What to work on: Lines from the one containing "مراسم یکصدمین سالگرد" through the last line of the material below: print these exactly, and only these.

Entries provided:
►

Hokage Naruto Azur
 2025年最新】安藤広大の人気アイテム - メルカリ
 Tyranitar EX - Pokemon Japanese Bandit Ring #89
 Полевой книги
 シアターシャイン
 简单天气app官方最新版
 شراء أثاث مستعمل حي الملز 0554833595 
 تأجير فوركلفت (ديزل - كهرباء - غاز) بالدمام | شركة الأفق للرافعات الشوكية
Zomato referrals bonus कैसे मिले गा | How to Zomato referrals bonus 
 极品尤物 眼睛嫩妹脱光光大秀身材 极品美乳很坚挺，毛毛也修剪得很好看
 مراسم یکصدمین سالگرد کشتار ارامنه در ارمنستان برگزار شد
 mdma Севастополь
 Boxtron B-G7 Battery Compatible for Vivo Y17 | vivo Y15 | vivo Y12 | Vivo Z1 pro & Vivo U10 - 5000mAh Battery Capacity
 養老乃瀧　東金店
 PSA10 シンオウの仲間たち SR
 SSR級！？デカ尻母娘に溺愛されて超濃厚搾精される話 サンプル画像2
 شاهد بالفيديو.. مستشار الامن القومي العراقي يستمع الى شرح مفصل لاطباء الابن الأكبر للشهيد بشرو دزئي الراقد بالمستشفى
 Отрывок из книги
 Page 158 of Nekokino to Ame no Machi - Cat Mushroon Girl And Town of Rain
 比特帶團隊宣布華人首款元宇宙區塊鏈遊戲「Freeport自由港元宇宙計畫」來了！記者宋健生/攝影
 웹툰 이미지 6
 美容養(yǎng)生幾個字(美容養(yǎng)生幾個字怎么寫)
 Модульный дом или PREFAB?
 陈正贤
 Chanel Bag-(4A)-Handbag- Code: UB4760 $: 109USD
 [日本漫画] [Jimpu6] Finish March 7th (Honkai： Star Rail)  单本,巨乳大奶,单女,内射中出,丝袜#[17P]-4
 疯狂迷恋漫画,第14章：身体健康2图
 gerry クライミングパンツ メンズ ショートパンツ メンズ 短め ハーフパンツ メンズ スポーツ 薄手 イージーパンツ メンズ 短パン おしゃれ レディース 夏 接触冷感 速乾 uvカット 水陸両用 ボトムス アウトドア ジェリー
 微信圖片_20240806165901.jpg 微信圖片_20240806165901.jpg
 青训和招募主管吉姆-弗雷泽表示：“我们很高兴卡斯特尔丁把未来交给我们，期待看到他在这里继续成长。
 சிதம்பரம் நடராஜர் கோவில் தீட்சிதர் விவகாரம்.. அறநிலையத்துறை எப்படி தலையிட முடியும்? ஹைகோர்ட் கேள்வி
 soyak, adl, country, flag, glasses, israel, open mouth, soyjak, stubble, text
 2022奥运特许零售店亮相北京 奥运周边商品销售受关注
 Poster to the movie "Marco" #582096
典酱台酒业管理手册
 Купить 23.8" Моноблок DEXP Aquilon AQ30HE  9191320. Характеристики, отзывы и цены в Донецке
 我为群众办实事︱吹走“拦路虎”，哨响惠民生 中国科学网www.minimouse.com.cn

◄

Solution:
 مراسم یکصدمین سالگرد کشتار ارامنه در ارمنستان برگزار شد
 mdma Севастополь
 Boxtron B-G7 Battery Compatible for Vivo Y17 | vivo Y15 | vivo Y12 | Vivo Z1 pro & Vivo U10 - 5000mAh Battery Capacity
 養老乃瀧　東金店
 PSA10 シンオウの仲間たち SR
 SSR級！？デカ尻母娘に溺愛されて超濃厚搾精される話 サンプル画像2
 شاهد بالفيديو.. مستشار الامن القومي العراقي يستمع الى شرح مفصل لاطباء الابن الأكبر للشهيد بشرو دزئي الراقد بالمستشفى
 Отрывок из книги
 Page 158 of Nekokino to Ame no Machi - Cat Mushroon Girl And Town of Rain
 比特帶團隊宣布華人首款元宇宙區塊鏈遊戲「Freeport自由港元宇宙計畫」來了！記者宋健生/攝影
 웹툰 이미지 6
 美容養(yǎng)生幾個字(美容養(yǎng)生幾個字怎么寫)
 Модульный дом или PREFAB?
 陈正贤
 Chanel Bag-(4A)-Handbag- Code: UB4760 $: 109USD
 [日本漫画] [Jimpu6] Finish March 7th (Honkai： Star Rail)  单本,巨乳大奶,单女,内射中出,丝袜#[17P]-4
 疯狂迷恋漫画,第14章：身体健康2图
 gerry クライミングパンツ メンズ ショートパンツ メンズ 短め ハーフパンツ メンズ スポーツ 薄手 イージーパンツ メンズ 短パン おしゃれ レディース 夏 接触冷感 速乾 uvカット 水陸両用 ボトムス アウトドア ジェリー
 微信圖片_20240806165901.jpg 微信圖片_20240806165901.jpg
 青训和招募主管吉姆-弗雷泽表示：“我们很高兴卡斯特尔丁把未来交给我们，期待看到他在这里继续成长。
 சிதம்பரம் நடராஜர் கோவில் தீட்சிதர் விவகாரம்.. அறநிலையத்துறை எப்படி தலையிட முடியும்? ஹைகோர்ட் கேள்வி
 soyak, adl, country, flag, glasses, israel, open mouth, soyjak, stubble, text
 2022奥运特许零售店亮相北京 奥运周边商品销售受关注
 Poster to the movie "Marco" #582096
典酱台酒业管理手册
 Купить 23.8" Моноблок DEXP Aquilon AQ30HE  9191320. Характеристики, отзывы и цены в Донецке
 我为群众办实事︱吹走“拦路虎”，哨响惠民生 中国科学网www.minimouse.com.cn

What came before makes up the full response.